Impact Structure: n. A large geologic structure, such as a crater or astrobleme, created by the violent collision between a planet and a space projectile such as a comet or meteor.
Impact cratering is one of the most common geological processes that have happened on planetary objects with solid surfaces (our home planet Earth included).
During a cosmic impact on a rocky planet the passage of the high-pressure shock wave results in shock metamorphism, the progressive breakdown in the structural order of minerals and rocks. The pressures and temperatures in the shock wave are well above the magnitudes of pressures and temperatures occurring naturally on this planet.
 The crater:impactor size ratio ranges from 20:1 to 50:1 (Shoemaker 1963, Baldwin 1963).

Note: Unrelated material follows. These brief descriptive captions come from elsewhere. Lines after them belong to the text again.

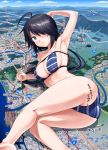  1girl admiral_(kantai_collection) ahoge armpits ass bangs bikini black_hair blue_eyes blue_sky blush breasts city cleavage collarbone day hair_ornament hair_over_one_eye hairclip hand_behind_head highres holding ichikawa_feesu kako_(kantai_collection) kantai_collection large_breasts long_hair looking_at_viewer lying map messy_hair mountain on_side outdoors parted_bangs partially_translated ponytail remodel_(kantai_collection) revision short_hair sidelocks skindentation sky solo striped striped_bikini sweatdrop swimsuit t-head_admiral translation_request 
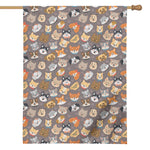Cute Dog Emoji Pattern Print House Flag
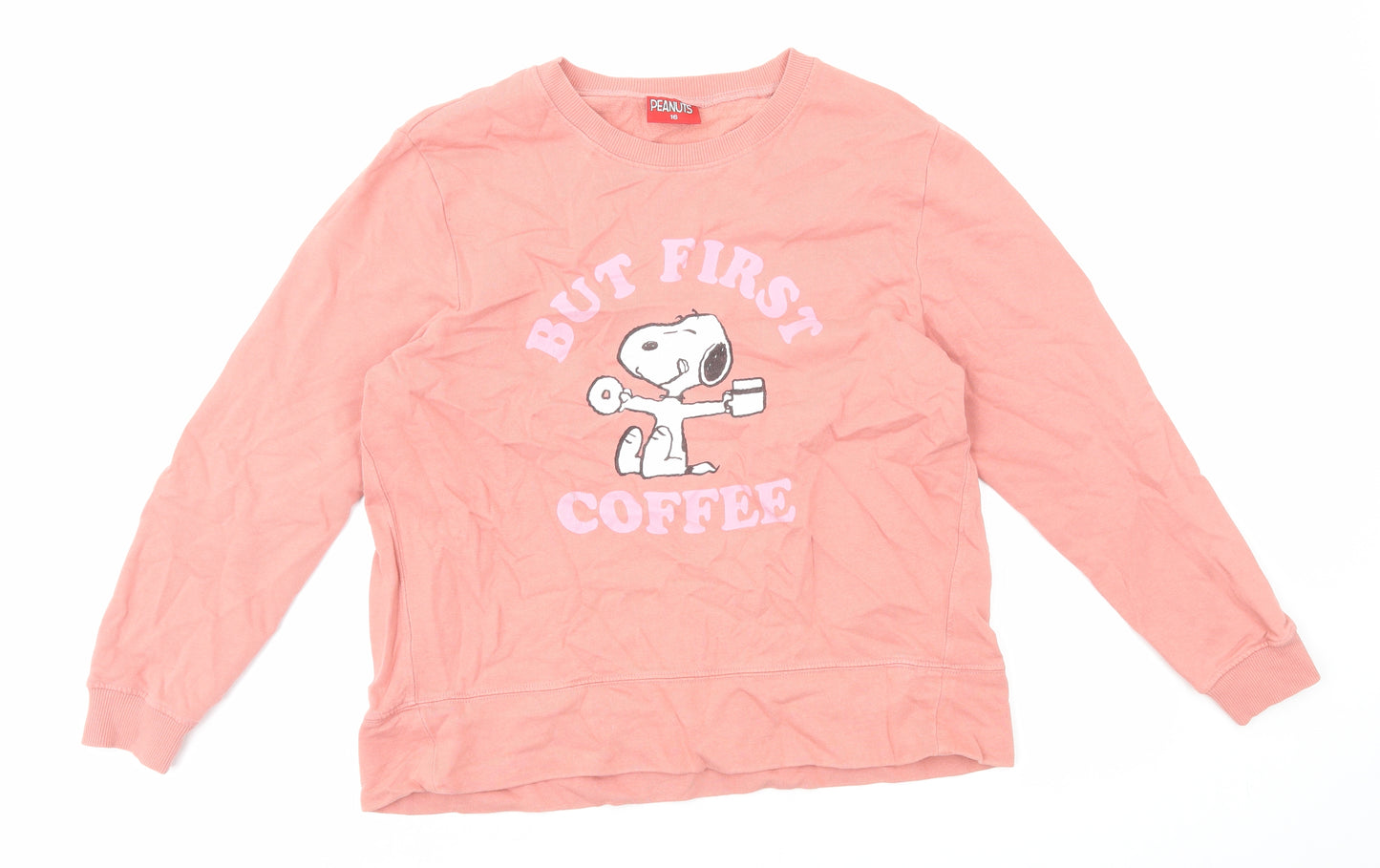 Peanuts Womens Orange Herringbone Cotton Pullover Sweatshirt Size 16 Pullover - Snoopy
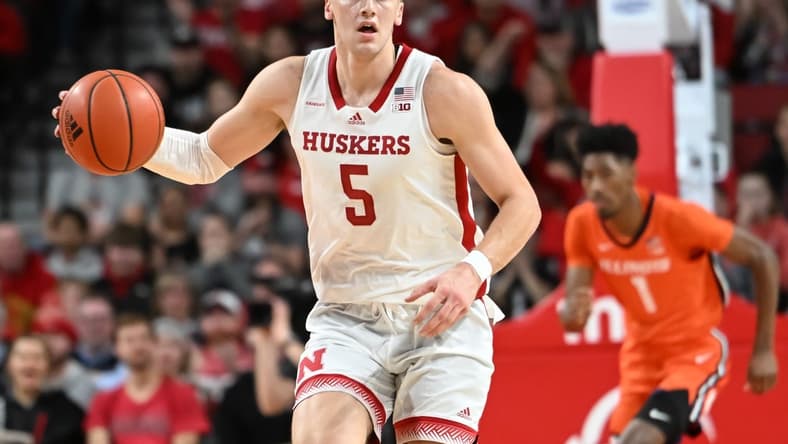 Jan 10, 2023; Lincoln, Nebraska, USA; Nebraska Cornhuskers guard Sam Griesel (5) dribbles up court against the Illinois Fighting Illini in the first half at Pinnacle Bank Arena. Mandatory Credit: Steven Branscombe-USA TODAY Sports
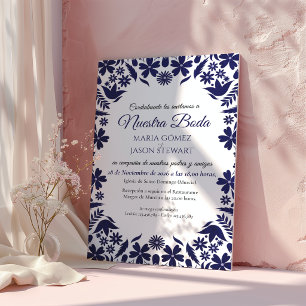 Navyblaue Blumen Hochzeit im klassischen spanische Einladung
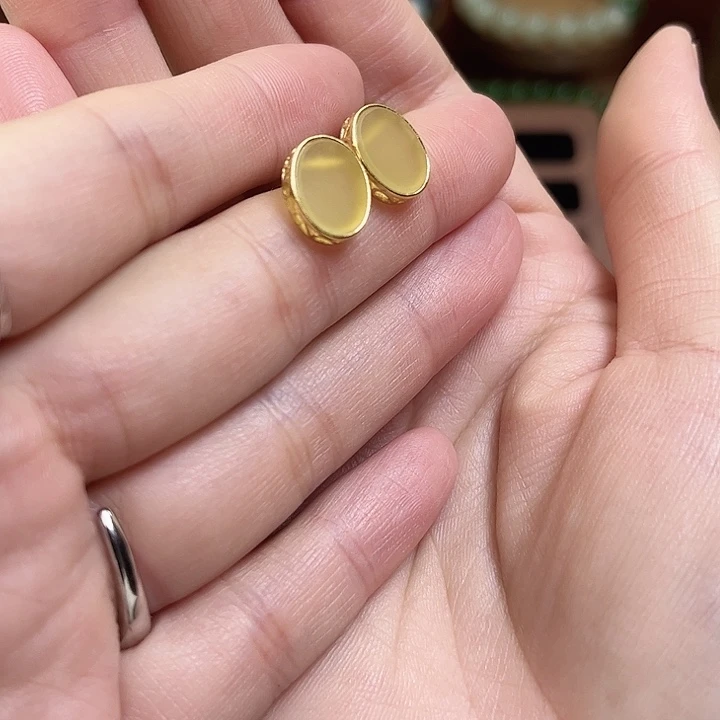 达***喜和田玉银S925镶嵌耳饰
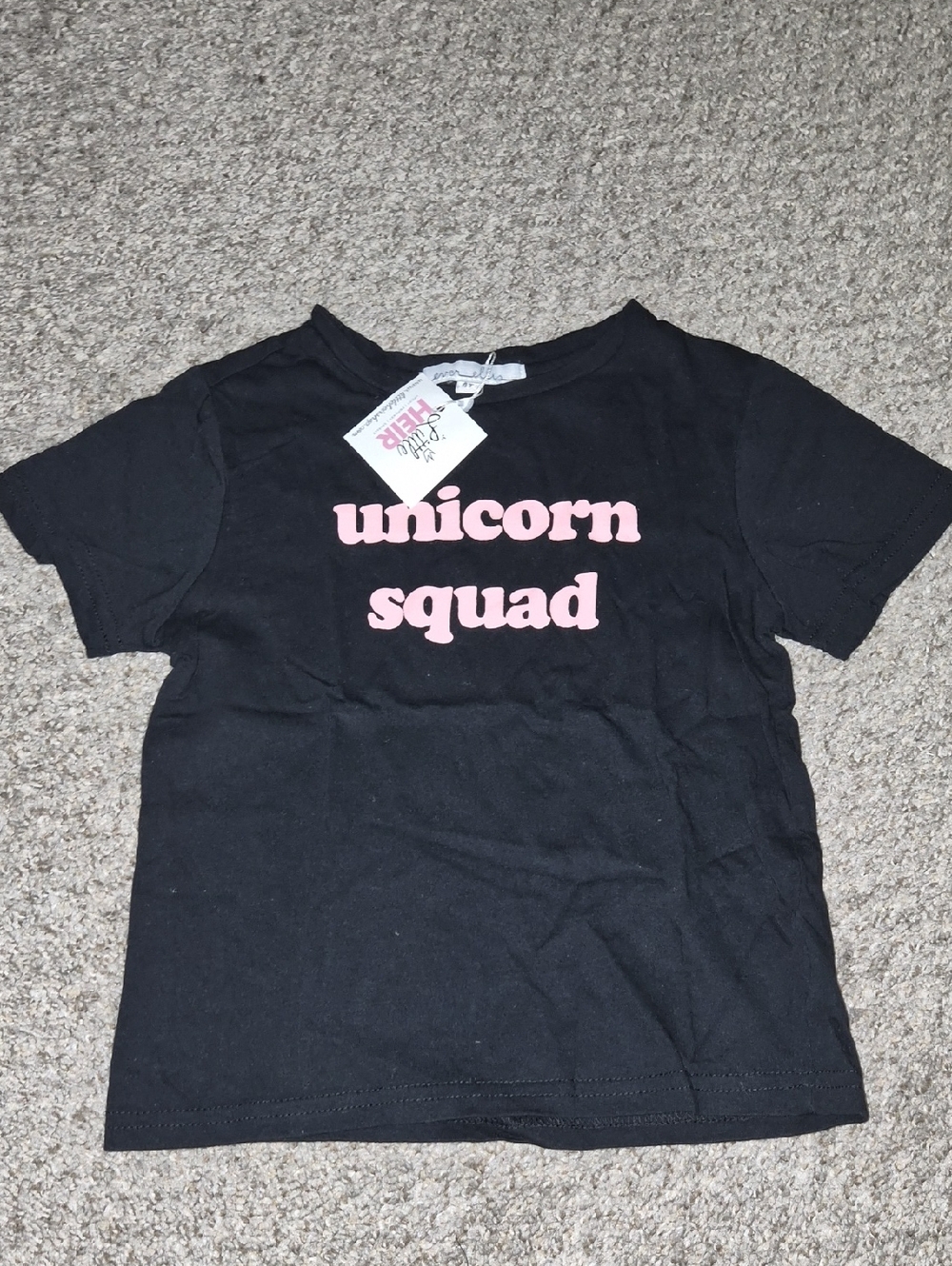 Kids Unicorn Squad Graphic Tee - Black with Pink Print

 The standard unit of pressure is the Pascal, abbreviated Pa, which is equivalent to 1 kilogram per square meter. A GPa is a gigapascal (giga means billion), a measurement of pressure, and is equal to 10,000 times the atmospheric pressure at the Earth’s surface.
Research has established that near the hypervelocity impact point, initial shock pressures can exceed 100 GPa, resulting in the total melting and vaporization of a large volume of target rock together with virtually all of the impactor. Passing outward, the lower shock pressures produce a series of distinctive effects in the target rocks (Koeberl, French, 2009):
- rock melting (≥60 GPa);
- selective mineral melting (40–60 GPa),
- diaplectic glass phases (30–45 GPa);
- high-pressure minerals – coesite and stishovite (12–30 GPa),
- planar deformation features (PDFs) in quartz (10–25 GPa);
- multiple fracturing (cleavage) and basal Brazil twinning in quartz (5–10 GPa);
- rock fracturing (2–5 GPa);
- shatter cones (≥2-30 GPa);
- slickensides (frictional faulting).
Of these shock metamorphic effects only shatter cones and slickensides can be easily identified with the naked eye. The remainder of these effects tends to be microscopic in size.
Shatter cones are found exclusively in two places on Earth:
- in nuclear (or very LARGE non-nuclear) explosion test sites, and
- cosmic velocity meteorite impact structures.
Slickensides are naturally polished rock surfaces that occur when the rocks along a fault rub against each other, making their surfaces smoothed, lineated, and grooved.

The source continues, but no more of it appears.